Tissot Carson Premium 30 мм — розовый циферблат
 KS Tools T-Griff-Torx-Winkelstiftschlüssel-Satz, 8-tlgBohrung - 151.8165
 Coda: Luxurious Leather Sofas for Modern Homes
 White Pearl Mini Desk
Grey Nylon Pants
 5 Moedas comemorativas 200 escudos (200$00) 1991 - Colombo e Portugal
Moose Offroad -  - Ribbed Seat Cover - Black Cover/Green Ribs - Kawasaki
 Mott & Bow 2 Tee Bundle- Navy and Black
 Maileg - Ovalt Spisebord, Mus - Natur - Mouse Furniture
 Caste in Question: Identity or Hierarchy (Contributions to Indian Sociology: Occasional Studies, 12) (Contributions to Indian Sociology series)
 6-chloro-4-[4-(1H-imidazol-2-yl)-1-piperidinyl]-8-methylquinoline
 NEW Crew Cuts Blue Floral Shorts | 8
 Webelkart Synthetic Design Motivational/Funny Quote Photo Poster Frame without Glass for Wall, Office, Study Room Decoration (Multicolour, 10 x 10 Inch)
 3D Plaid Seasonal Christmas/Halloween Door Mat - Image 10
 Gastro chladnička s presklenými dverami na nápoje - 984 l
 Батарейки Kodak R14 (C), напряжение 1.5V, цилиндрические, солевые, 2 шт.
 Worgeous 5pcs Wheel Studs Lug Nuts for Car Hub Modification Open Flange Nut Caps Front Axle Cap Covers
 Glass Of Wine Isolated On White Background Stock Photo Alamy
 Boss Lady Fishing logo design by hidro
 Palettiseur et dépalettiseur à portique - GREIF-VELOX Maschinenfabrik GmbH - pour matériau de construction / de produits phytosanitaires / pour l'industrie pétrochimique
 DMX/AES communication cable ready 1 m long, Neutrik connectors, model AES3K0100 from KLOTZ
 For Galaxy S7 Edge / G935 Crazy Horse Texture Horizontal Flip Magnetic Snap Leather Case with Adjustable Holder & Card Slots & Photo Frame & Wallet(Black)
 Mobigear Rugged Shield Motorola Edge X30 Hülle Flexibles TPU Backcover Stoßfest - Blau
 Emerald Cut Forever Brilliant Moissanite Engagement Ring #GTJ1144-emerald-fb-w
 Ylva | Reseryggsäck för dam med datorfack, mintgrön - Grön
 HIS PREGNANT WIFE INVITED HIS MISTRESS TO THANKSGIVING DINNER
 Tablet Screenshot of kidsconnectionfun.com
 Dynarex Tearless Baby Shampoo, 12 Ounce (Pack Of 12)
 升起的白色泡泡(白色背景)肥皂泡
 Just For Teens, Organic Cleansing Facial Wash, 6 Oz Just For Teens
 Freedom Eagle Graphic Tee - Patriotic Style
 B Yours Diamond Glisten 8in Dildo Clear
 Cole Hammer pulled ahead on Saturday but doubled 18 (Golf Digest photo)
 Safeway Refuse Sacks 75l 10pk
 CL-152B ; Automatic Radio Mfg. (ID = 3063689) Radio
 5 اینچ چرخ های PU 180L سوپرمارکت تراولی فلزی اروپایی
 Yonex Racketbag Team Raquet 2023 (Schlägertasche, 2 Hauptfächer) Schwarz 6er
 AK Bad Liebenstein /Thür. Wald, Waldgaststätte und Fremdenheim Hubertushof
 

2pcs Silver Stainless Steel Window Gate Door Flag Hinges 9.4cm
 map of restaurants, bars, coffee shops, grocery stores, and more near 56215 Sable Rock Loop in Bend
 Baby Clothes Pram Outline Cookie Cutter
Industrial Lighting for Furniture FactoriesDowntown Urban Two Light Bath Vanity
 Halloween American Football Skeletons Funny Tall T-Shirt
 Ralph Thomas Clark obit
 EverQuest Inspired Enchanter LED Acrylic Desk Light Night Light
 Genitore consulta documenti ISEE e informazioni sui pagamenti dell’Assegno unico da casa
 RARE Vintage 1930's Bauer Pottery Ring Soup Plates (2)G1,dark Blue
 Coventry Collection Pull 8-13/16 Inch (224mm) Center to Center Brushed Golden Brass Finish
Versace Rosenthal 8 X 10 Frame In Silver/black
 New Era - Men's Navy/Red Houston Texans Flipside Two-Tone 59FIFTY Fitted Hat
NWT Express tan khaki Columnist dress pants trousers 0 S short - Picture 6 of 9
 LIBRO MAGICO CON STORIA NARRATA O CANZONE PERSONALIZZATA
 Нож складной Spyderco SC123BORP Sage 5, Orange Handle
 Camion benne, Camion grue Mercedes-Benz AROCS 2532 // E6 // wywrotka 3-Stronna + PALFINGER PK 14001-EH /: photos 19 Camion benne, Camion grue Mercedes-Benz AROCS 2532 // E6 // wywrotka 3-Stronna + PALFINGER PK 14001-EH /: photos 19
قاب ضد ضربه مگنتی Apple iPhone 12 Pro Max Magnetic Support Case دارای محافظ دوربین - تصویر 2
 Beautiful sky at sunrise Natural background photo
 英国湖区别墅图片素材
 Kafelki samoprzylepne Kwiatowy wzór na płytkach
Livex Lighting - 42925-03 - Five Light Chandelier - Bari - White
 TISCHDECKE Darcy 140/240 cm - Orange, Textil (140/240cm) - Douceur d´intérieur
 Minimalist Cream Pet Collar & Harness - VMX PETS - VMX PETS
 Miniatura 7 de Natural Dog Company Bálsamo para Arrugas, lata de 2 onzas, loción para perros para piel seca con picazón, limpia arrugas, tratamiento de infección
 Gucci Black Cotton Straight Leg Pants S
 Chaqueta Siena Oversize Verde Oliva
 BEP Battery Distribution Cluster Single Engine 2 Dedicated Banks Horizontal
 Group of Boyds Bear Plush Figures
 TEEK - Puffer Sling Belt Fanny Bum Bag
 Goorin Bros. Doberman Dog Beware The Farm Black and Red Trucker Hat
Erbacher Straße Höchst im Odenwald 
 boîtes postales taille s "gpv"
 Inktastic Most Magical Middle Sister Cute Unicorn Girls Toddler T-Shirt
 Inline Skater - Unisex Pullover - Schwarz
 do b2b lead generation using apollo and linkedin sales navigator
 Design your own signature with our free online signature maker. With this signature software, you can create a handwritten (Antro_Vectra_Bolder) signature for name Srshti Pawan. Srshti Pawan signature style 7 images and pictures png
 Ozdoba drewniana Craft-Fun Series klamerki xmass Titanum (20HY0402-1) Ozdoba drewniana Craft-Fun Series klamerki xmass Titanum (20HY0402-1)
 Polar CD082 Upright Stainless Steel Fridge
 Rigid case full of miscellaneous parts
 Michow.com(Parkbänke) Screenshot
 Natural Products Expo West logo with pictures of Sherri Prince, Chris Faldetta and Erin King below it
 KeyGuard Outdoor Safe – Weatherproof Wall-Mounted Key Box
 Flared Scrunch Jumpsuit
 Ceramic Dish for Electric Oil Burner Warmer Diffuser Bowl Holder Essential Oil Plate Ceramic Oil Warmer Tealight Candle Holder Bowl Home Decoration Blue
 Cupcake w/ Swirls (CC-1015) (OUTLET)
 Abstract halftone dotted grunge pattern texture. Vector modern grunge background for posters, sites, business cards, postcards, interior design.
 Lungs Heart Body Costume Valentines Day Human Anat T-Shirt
+ + + + + + +
### [Try it]
Tally, across the records, each line that contains the word "Inch", and answer with nothing except the count.

### [Written answer]
2